■ **Task goal**:
Below are some records. Return exactly their lines from the one containing "So, we see here" through the one containing "The analysis tool", and drop the pictures.

[Records shown — start]

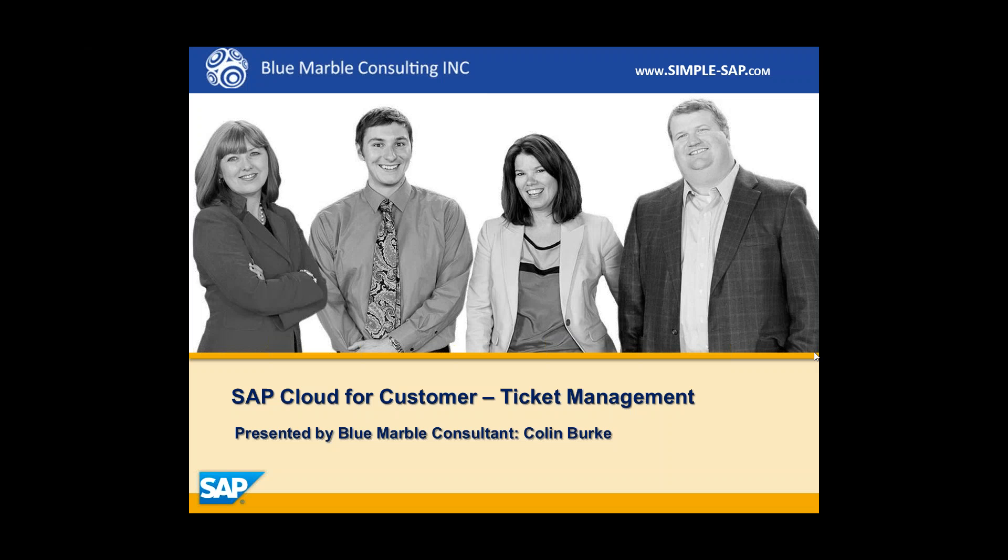Hi, I'm Colin with BlueMarvel Consulting and in this video I'm going to cover SAP's Cloud for Customer, specifically Ticket Management.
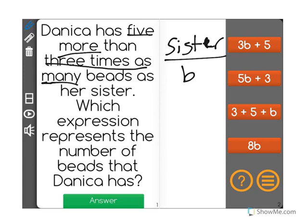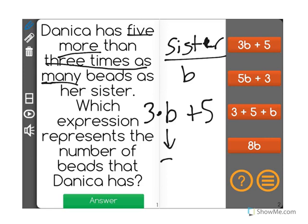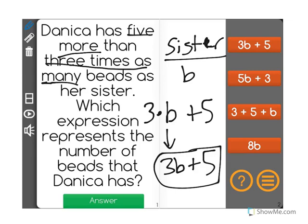It says that she has five more. I know that five more means plus five than three times as many beads as her sister. So her sister has B beads. Danica has three times B plus five. Another way to write three times B is just three B. When we have a variable and we put it right next to a number, that signifies multiplication. And then we're adding the five in, so she has three B plus five.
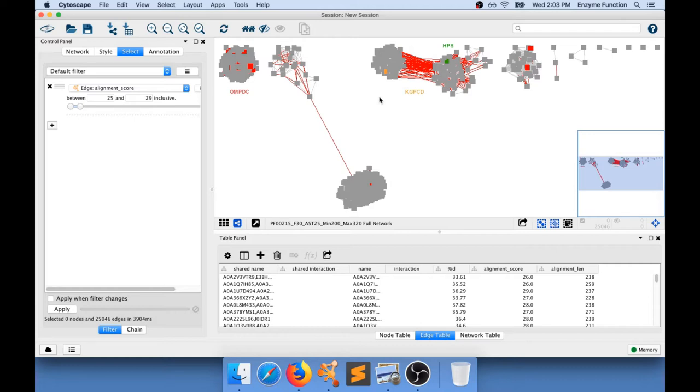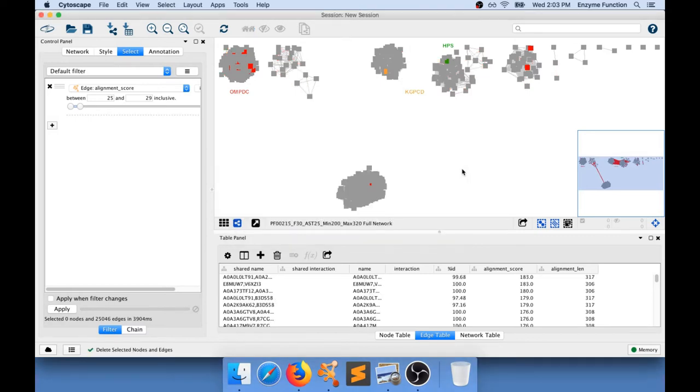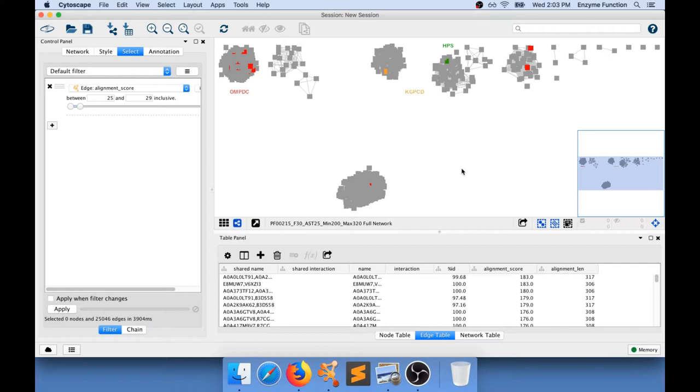And if you go to the EFI website and generate the same network at an alignment score of 30, these two sub-clusters that were connected will actually not be connected anymore. And this is what we aim for. We want to have an alignment score which is the lowest that allows to separate different SwissProt annotations into different clusters.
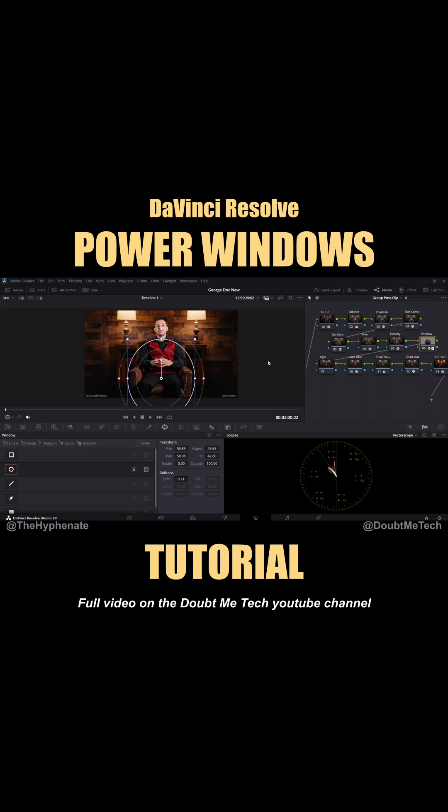Today, I'm going to show you guys a simple video on how to use power windows in different areas of your video so that you can help balance or even correct some issues with exposure, color, or even effects to really get the look you want in DaVinci Resolve.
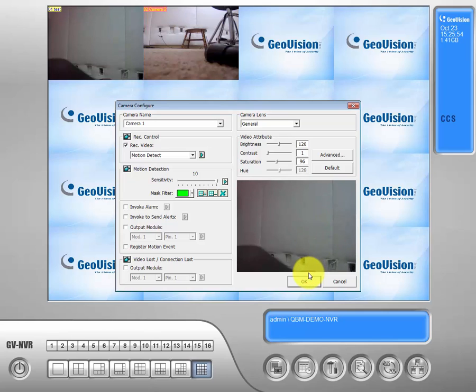And that is how you do some of the more simple and basic steps within the camera configuration. Thank you for viewing, guys.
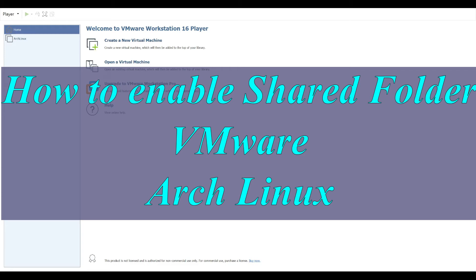Hi, welcome to Linux Zone. In this video I will show how to share folder or directory to VMware guest Arch Linux.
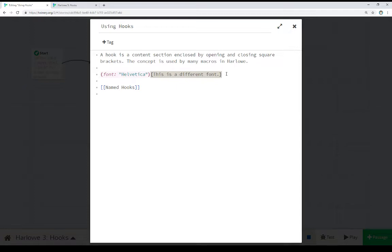So, we see here we use macros in Harlow, and what they affect are hooks.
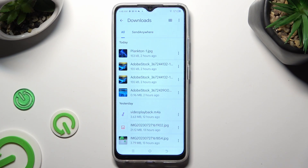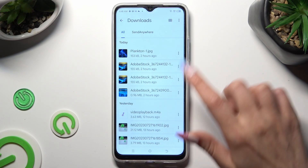As you can see, all my downloaded files are all the way here. To access one, click on it.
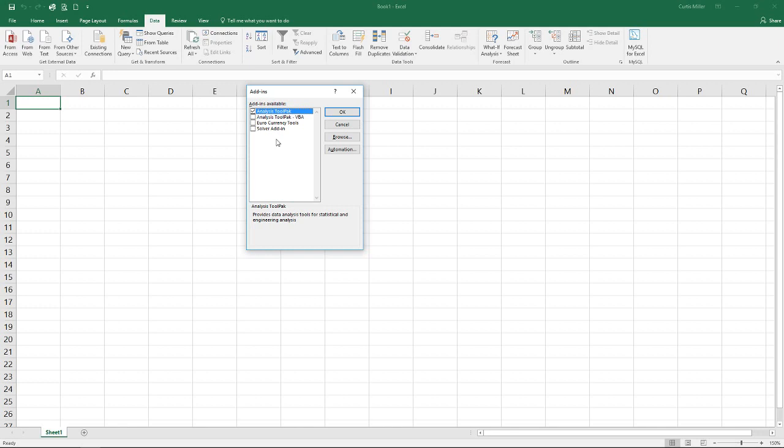The analysis tool pack comes installed with Excel from the beginning. However if you have the Office for Mac version this is not included so you will have to find another option.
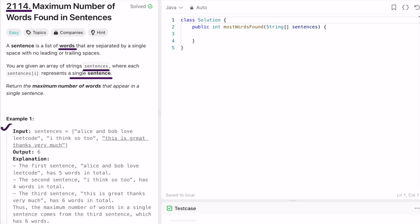Let's take the first example. We're given a sentences array with three sentences. The first sentence has five words, the second sentence has four words, and the third sentence has six words. So six is the output because that is the longest sentence.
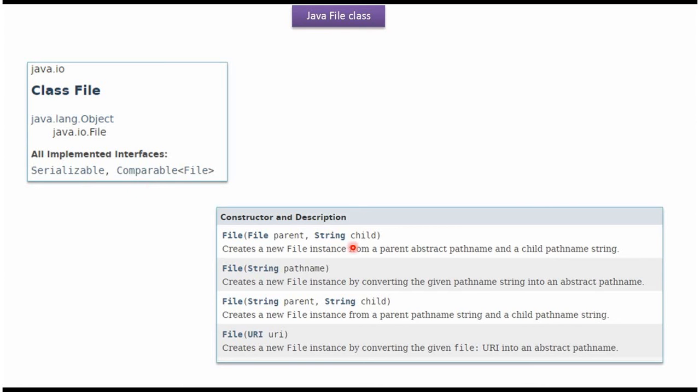File class supports these four constructors. Using these four constructors, we can create a File object.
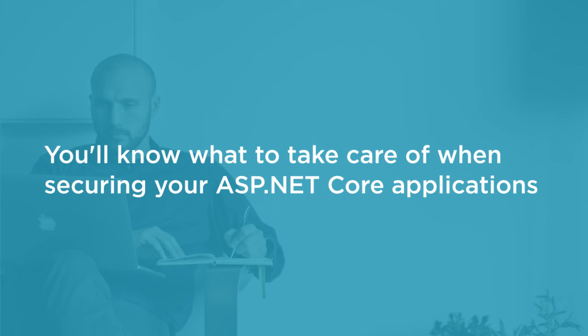We'll end the course with a module on what to take care of when going to production. After this course, you'll have a thorough understanding of what you should take care of when securing your ASP.NET Core applications and how to do it. Thank you. Bye-bye.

[Records shown — finish]

■ **Response to the task**:
So, we see here we use macros in Harlow, and what they affect are hooks.
As you can see, all my downloaded files are all the way here. To access one, click on it.
The analysis tool pack comes installed with Excel from the beginning. However if you have the Office for Mac version this is not included so you will have to find another option.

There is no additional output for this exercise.